Drop all pictures and repeat exactly the lines from the line holding "Bettbezug Weihnachten Elch" through the end of the records.

= Dataset items =
##########
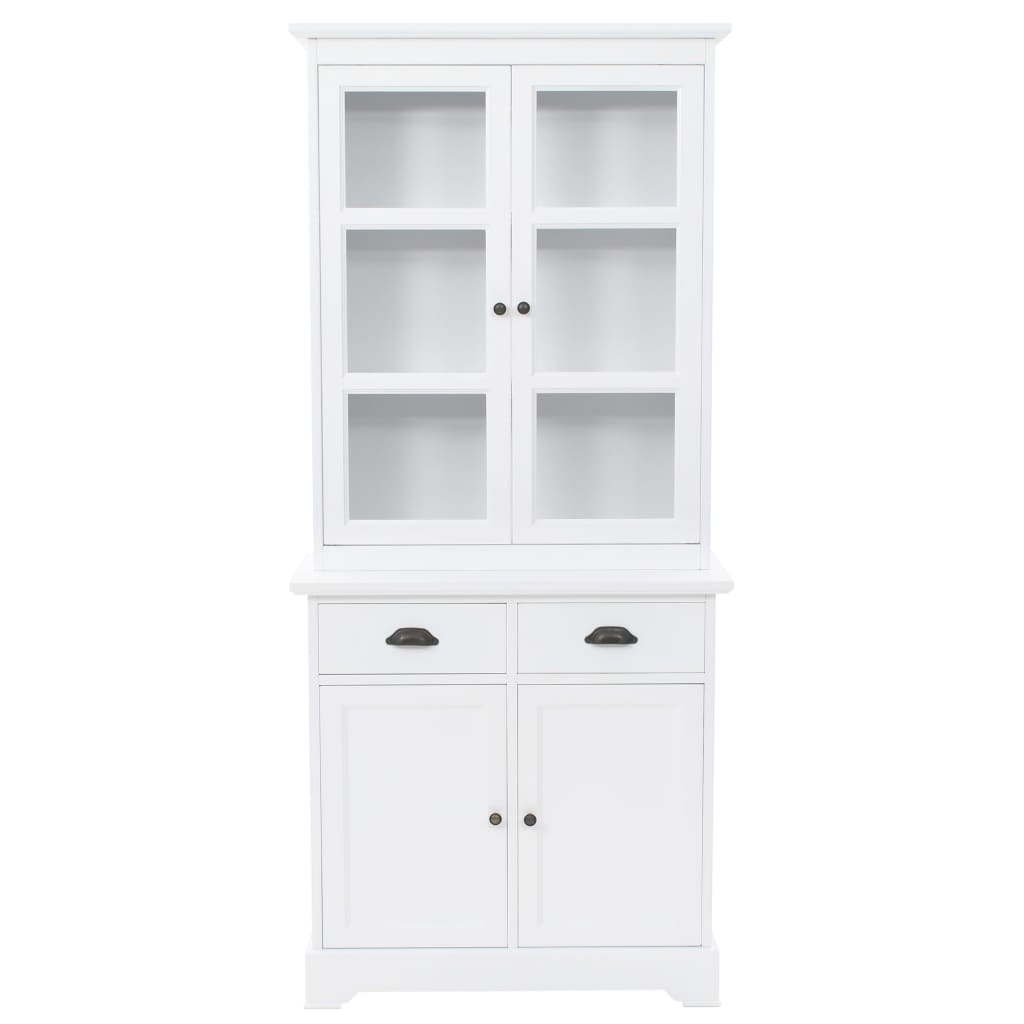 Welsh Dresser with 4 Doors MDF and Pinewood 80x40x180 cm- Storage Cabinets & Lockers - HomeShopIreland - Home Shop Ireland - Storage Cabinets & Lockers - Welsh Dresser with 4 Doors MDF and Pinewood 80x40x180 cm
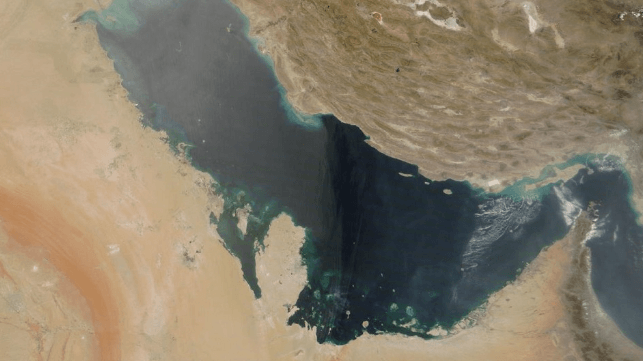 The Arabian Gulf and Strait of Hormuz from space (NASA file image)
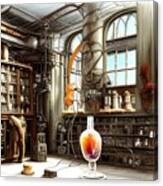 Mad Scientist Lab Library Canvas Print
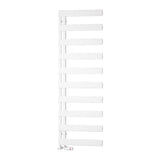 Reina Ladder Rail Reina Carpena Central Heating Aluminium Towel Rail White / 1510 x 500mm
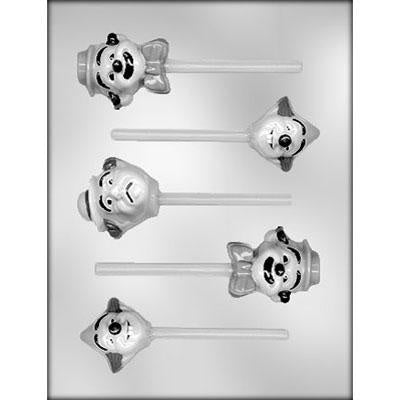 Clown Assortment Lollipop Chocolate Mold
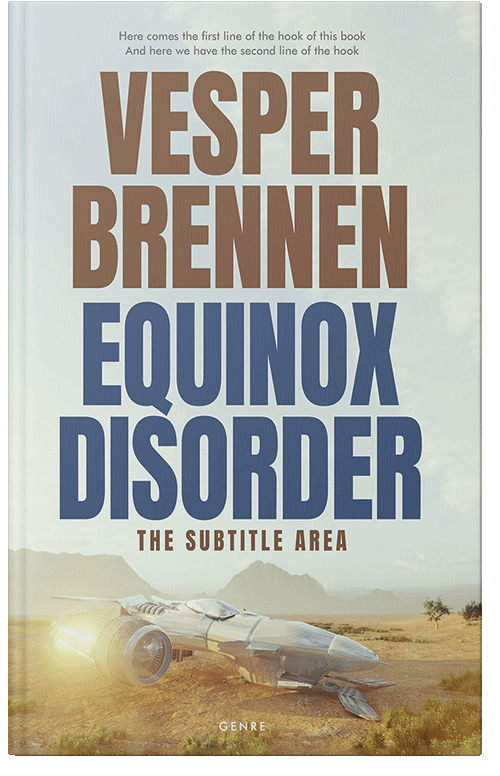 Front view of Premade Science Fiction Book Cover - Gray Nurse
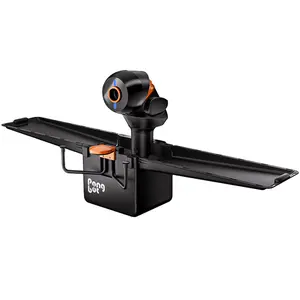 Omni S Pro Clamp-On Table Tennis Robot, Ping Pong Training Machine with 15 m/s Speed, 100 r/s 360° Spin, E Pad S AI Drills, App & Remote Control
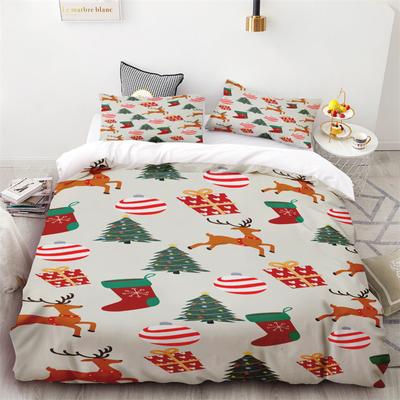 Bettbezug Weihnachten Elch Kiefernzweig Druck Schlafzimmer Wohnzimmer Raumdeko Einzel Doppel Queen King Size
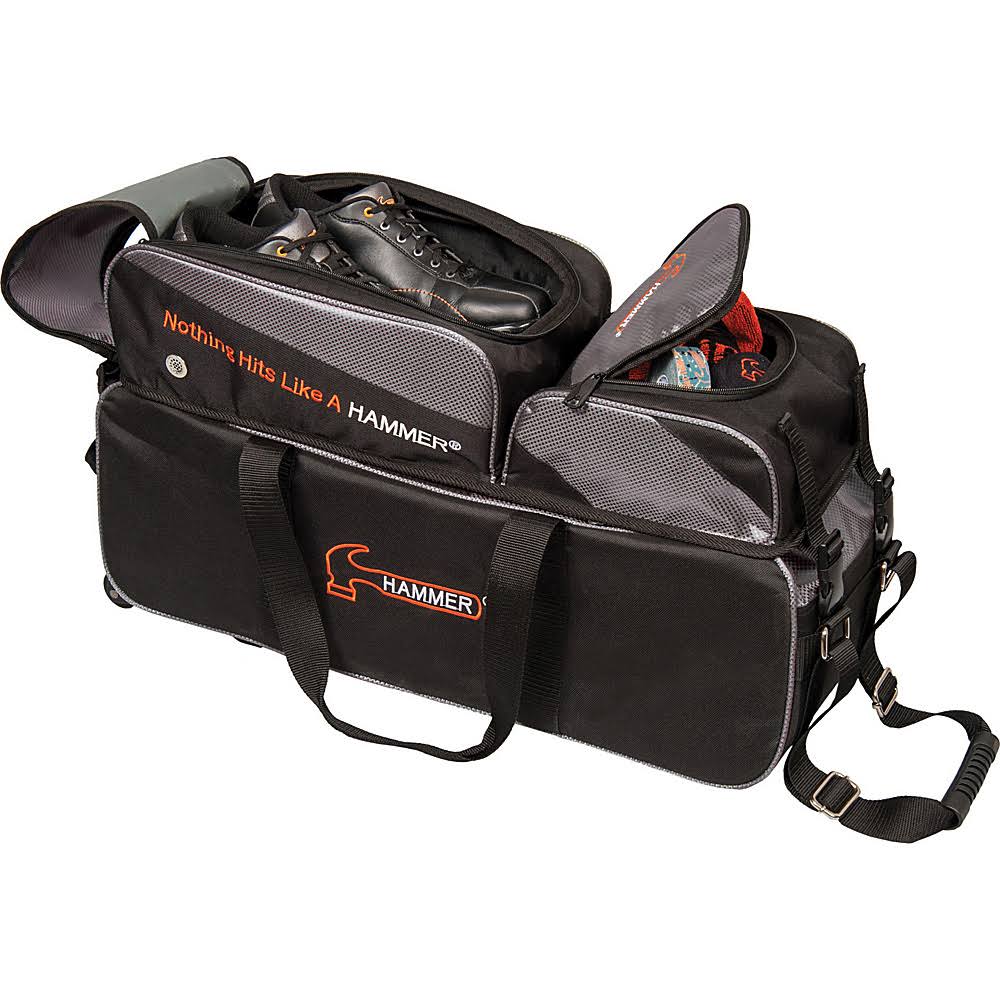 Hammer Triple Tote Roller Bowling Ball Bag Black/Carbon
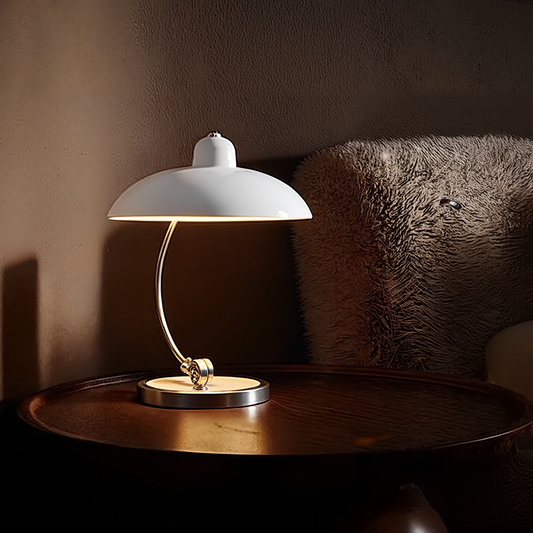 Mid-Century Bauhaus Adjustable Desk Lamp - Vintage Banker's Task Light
##########
= YOUR SOLUTION =
 Bettbezug Weihnachten Elch Kiefernzweig Druck Schlafzimmer Wohnzimmer Raumdeko Einzel Doppel Queen King Size
 Hammer Triple Tote Roller Bowling Ball Bag Black/Carbon
 Mid-Century Bauhaus Adjustable Desk Lamp - Vintage Banker's Task Light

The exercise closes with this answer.